§ **Task instructions**
The records are set out below this line. Return exactly the lines from the one containing "Elderly mother and" through the last, and exclude the pictures.

══ Task data

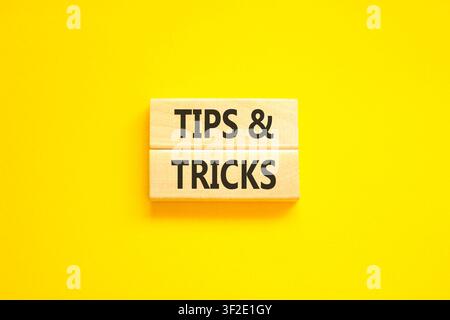 Symbol für Tipps und Tricks. Konzeptwörter Tipps und Tricks auf schönen Holzblöcken. Schöner gelber Hintergrund. Geschäftliche Tipps und Tricks motivieren Stockfoto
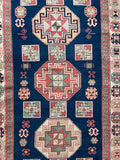 Vintage geometric wool rug, Turkish/Caucasian style 230 x 145 cm — photograph 1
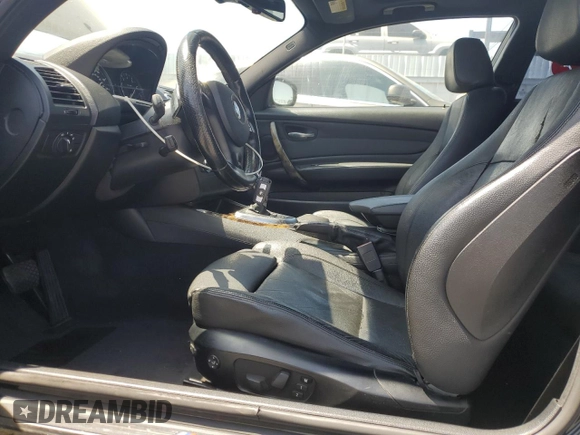 2011 BMW 1 Series 135i with VIN WBAUC9C59BVM10528, listed as a Copart auction lot 61499025 with 160,557 mi miles and Salvage title. Bid and sale history available at DreamBid. Image 7.
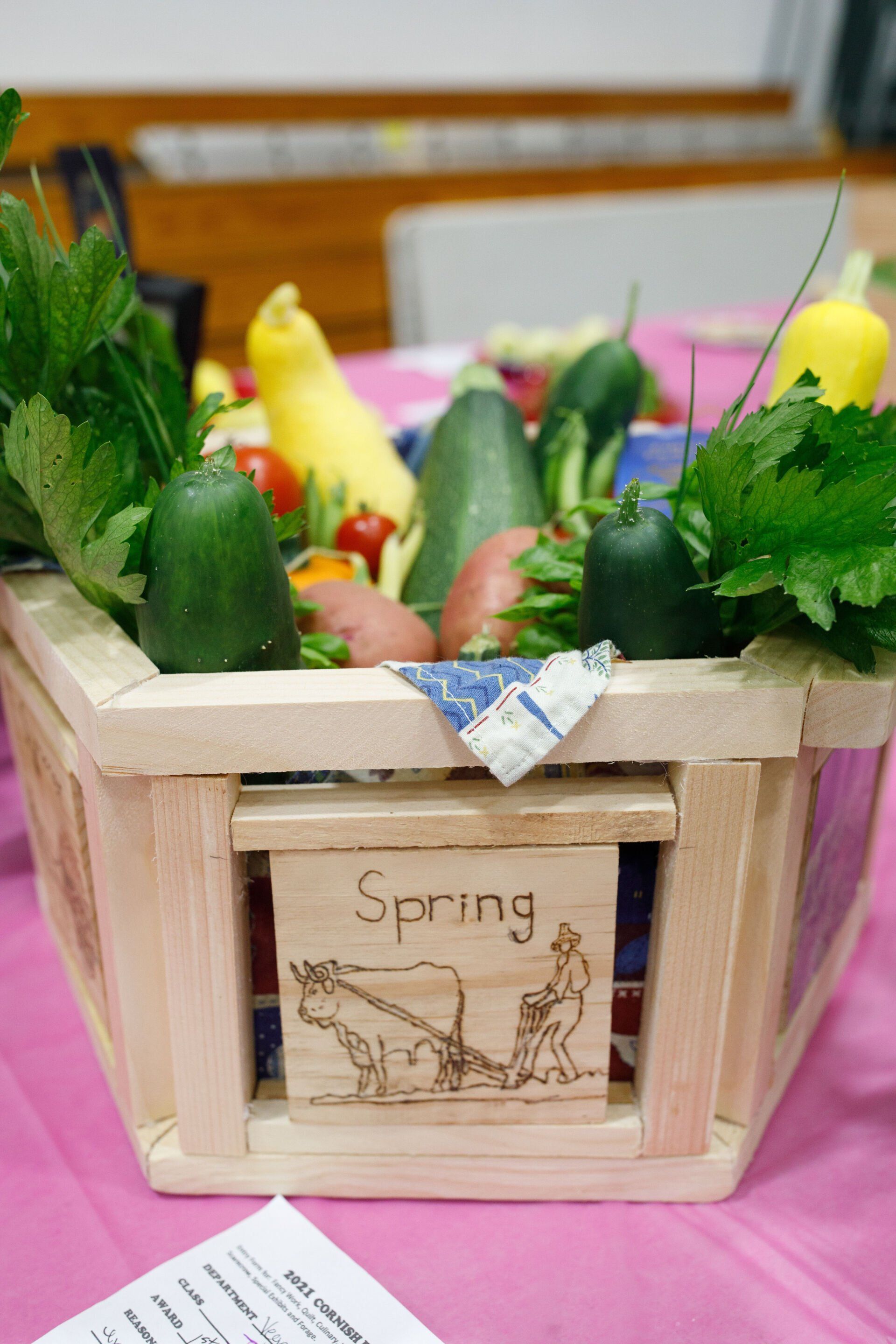A wooden box filled with vegetables and a sign that says spring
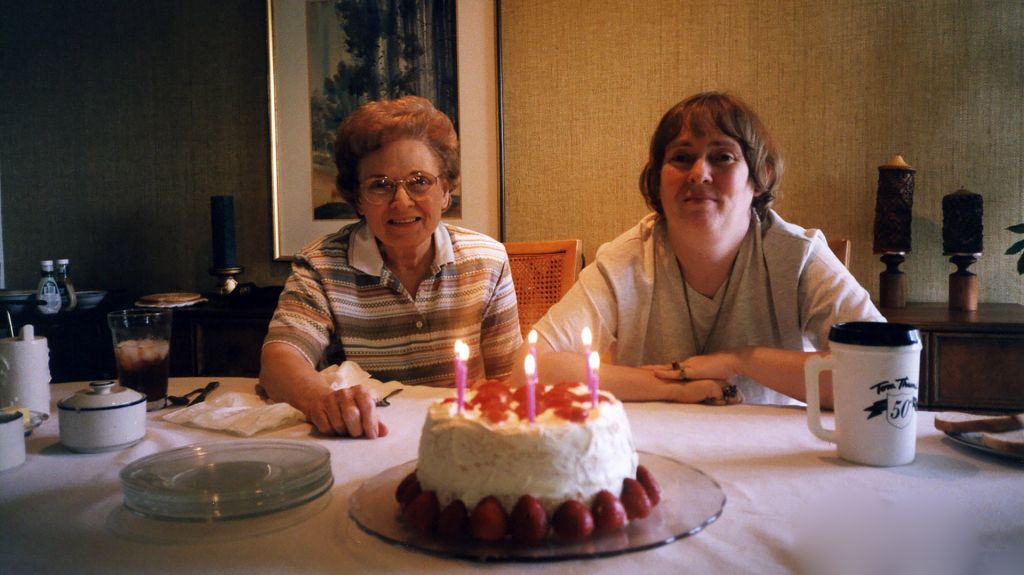 Elderly mother and grown daughter sit behind a birthday cake.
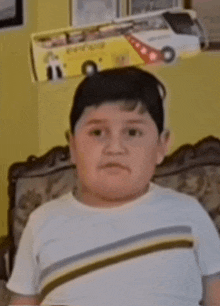 a young boy is sitting on a couch in front of a toy bus on the wall .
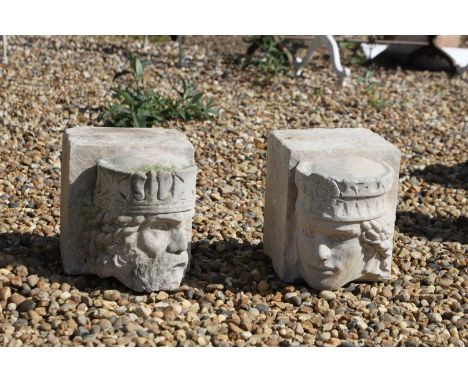 A pair of cast stone corbels, depicting a king or queen, 21cm wide31cm deep23cm high (2)Condition ReportChips to the corners.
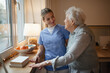 © Halfpoint - Caring healthcare worker visiting a senior patient at home.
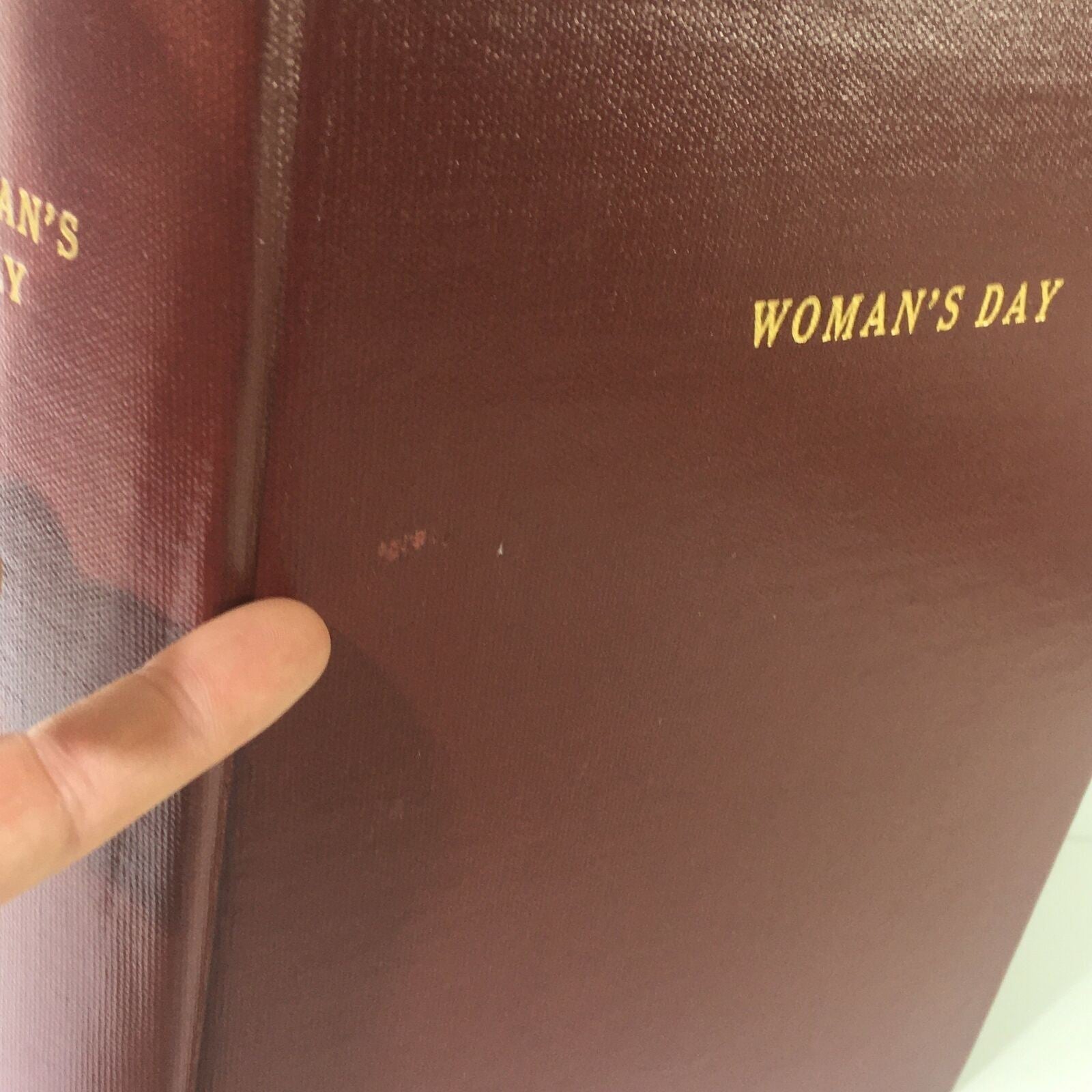 Close-up view of the spine of the 1970 Woman's Day Magazine showing minor wear and the title embossed.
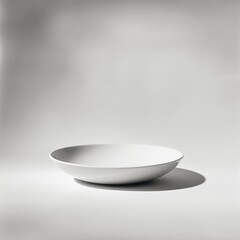 a plain white bowl sits on a white surface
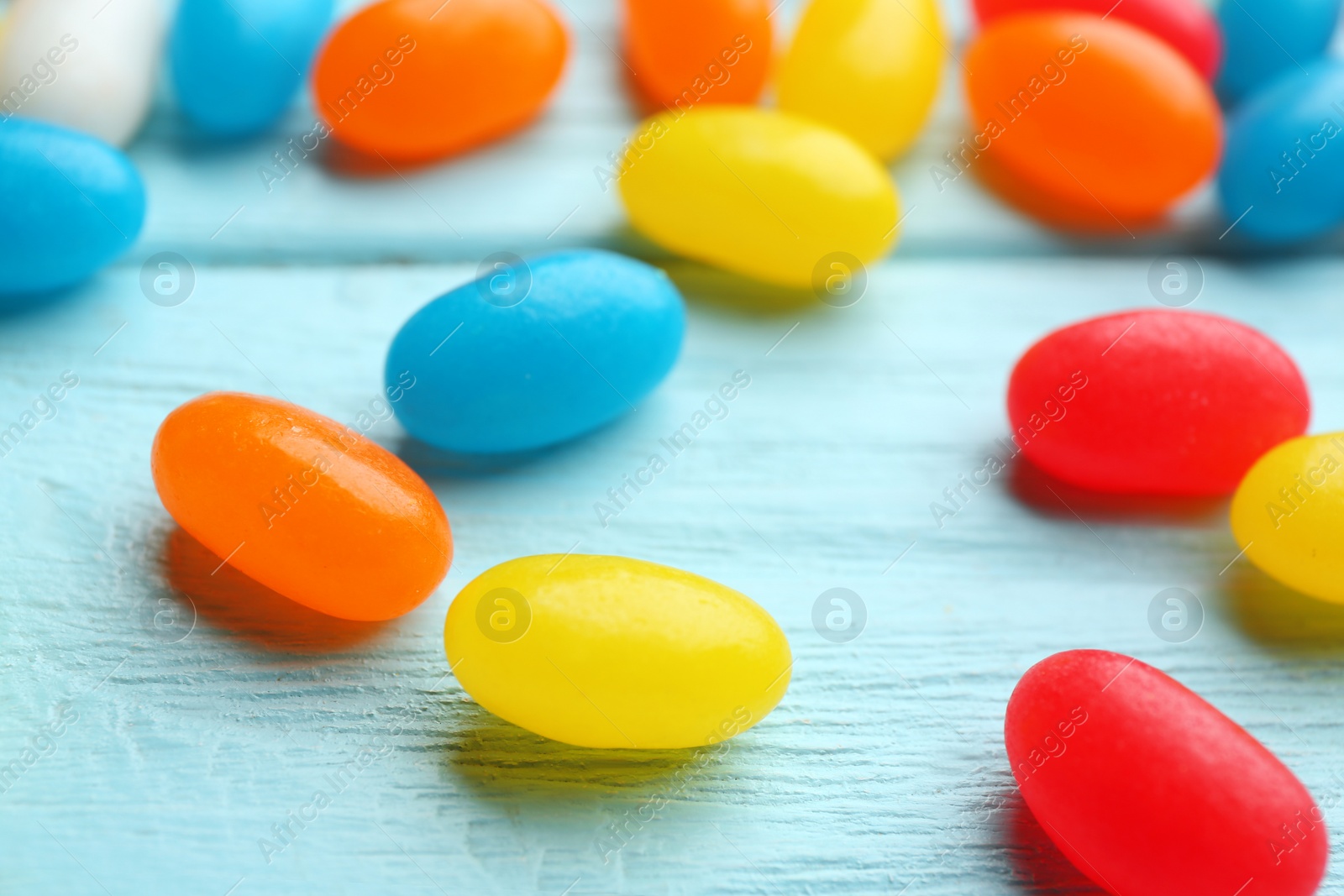 Photo of Colorful jelly beans on light blue wooden background, closeup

════

§ **Result for this exercise**
 Elderly mother and grown daughter sit behind a birthday cake.
 a young boy is sitting on a couch in front of a toy bus on the wall .
 A pair of cast stone corbels, depicting a king or queen, 21cm wide31cm deep23cm high (2)Condition ReportChips to the corners.
 © Halfpoint - Caring healthcare worker visiting a senior patient at home.
 Close-up view of the spine of the 1970 Woman's Day Magazine showing minor wear and the title embossed.
 a plain white bowl sits on a white surface
 Photo of Colorful jelly beans on light blue wooden background, closeup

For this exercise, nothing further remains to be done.